(Collected data)
-- Opening Marker --

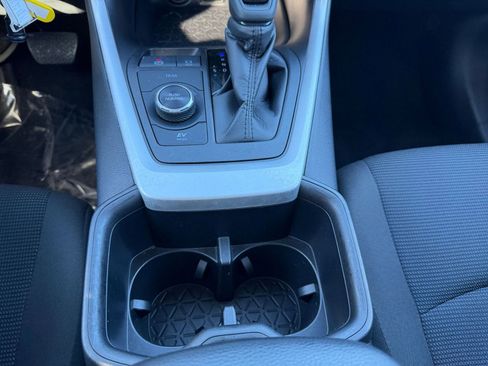 Used 2025 Toyota RAV4 LE image 40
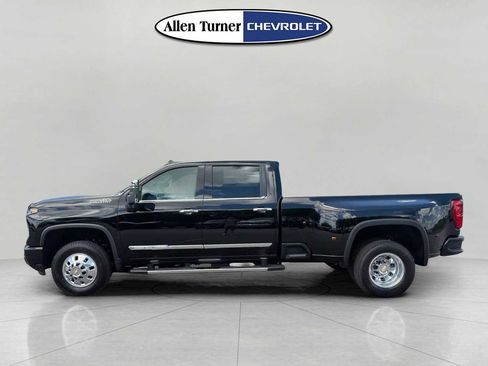 New 2026 Chevrolet Silverado 3500 High Country w/ High Country Premium Package AWD/4WD image 6
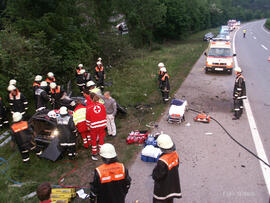 PKW Unfall, A12, KM 100, PKW über Böschung, 1 Person eingelemmt, Personenbergung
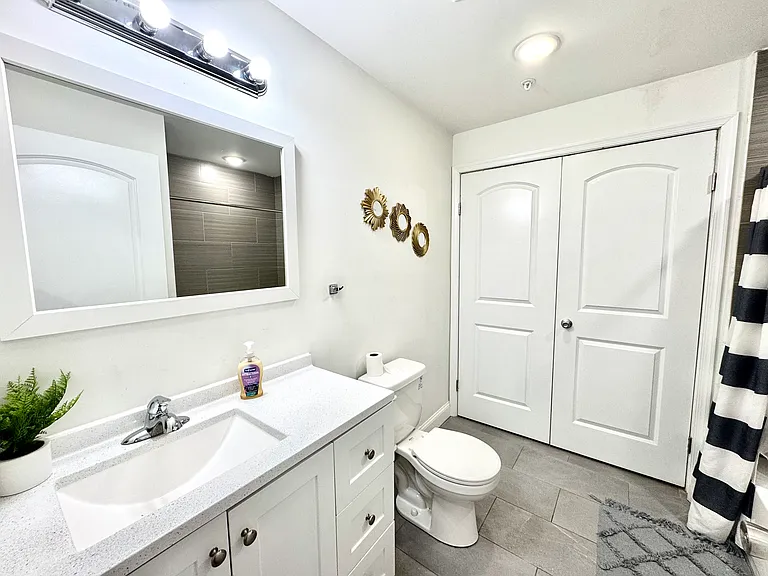 925 N Broad St #4F — Photo 1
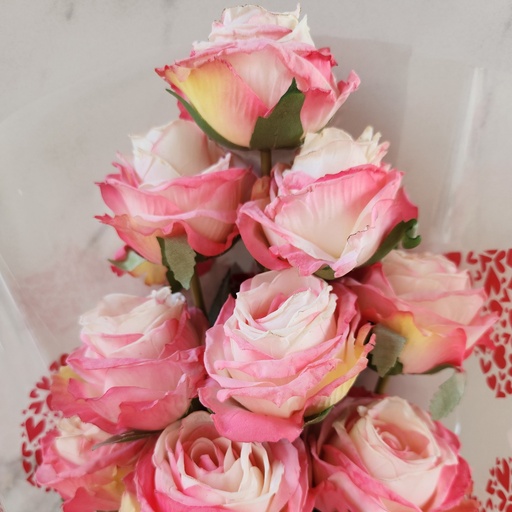 Bouquet de roses roses imitation "séchées"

-- Closing Marker --

--- TASK TO CARRY OUT ---
The response should be the lines from the one containing "PKW Unfall, A12, KM" through the final line of the records, reproduced exactly and with every picture left out.

--- SOLUTION FOR THIS EXERCISE ---
 PKW Unfall, A12, KM 100, PKW über Böschung, 1 Person eingelemmt, Personenbergung
 925 N Broad St #4F — Photo 1
 Bouquet de roses roses imitation "séchées"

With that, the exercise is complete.